Heute ist der 5. Mai 2026, und in Bremen ist die Verkehrssicherheit mal wieder ein heißes Thema. An zwei Standorten in der Hansestadt schnellt der Blitzer heute in die Höhe – da heißt es Augen auf, wenn man durch die Straßen fährt! Die mobilen Radarkontrollen sind auf der Kurfürstenallee in Bremen-Ost, Vahr, Gartenstadt Vahr, und am Willy-Brandt-Platz in Bremen-West, Findorff, aktiv.

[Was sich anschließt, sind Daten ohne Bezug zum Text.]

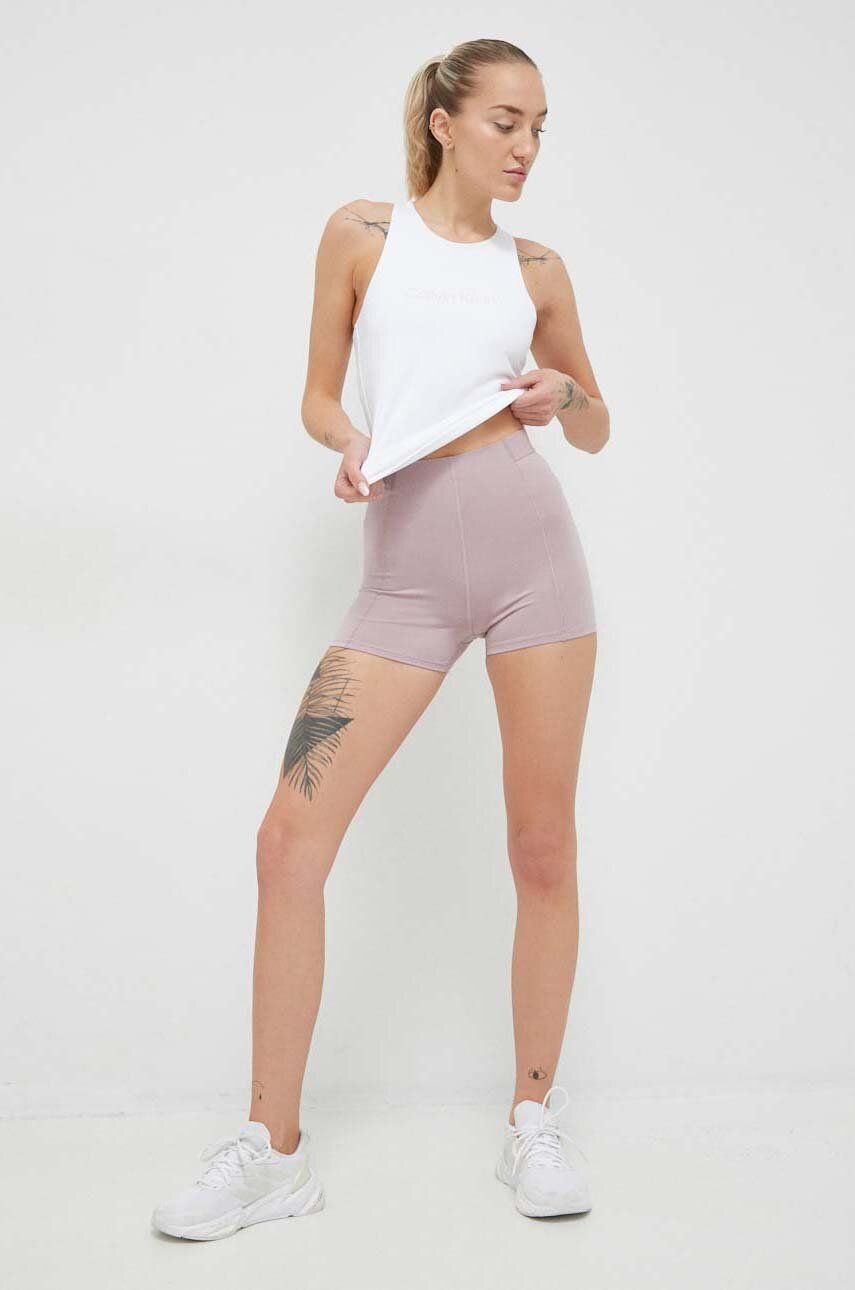 Tréninkové šortky Calvin Klein Performance Effect růžová barva, hladké, high waist - růžová -  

Der Blitzer auf der Kurfürstenallee hat das Tempolimit von 50 km/h im Visier. Hier wird seit 11:10 Uhr gemessen. Allerdings, und das ist ein bisschen knifflig, ist der genaue Standort des Blitzers noch nicht bestätigt. Wer hier mit überhöhter Geschwindigkeit unterwegs ist, sollte sich besser sputen! Der andere Blitzer am Willy-Brandt-Platz wartet mit einem strengen Tempolimit von nur 20 km/h auf. Dieser ist seit 10:25 Uhr am Werk und könnte so manchen Autofahrer aus seiner Lethargie reißen.
Blitzende Geschwindigkeitskontrollen
Es ist nicht nur ein wenig unangenehm, wenn der Blitzer einen erwischt – es geht auch um Sicherheit. Die Geschwindigkeitskontrollen in Bremen sind Teil eines größeren Plans, um die Unfallzahlen zu senken. Schließlich entstehen 25 % der Unfälle mit Personenschäden durch zu schnelles Fahren, und 50 % der Verkehrstoten sind auf überhöhte Geschwindigkeit zurückzuführen. Das sollte einen doch zum Nachdenken anregen, oder nicht?
Die Stadt hat ein Auge auf die gesamte Verkehrssituation. Geschwindigkeitskontrollen sind im gesamten Stadtgebiet möglich – überall dort, wo es brenzlig werden könnte. In der Vergangenheit haben sich Blitzanlagen als sehr effektiv erwiesen und können sich oft schon nach kurzer Zeit rechnen, wenn sie an den richtigen Stellen platziert sind.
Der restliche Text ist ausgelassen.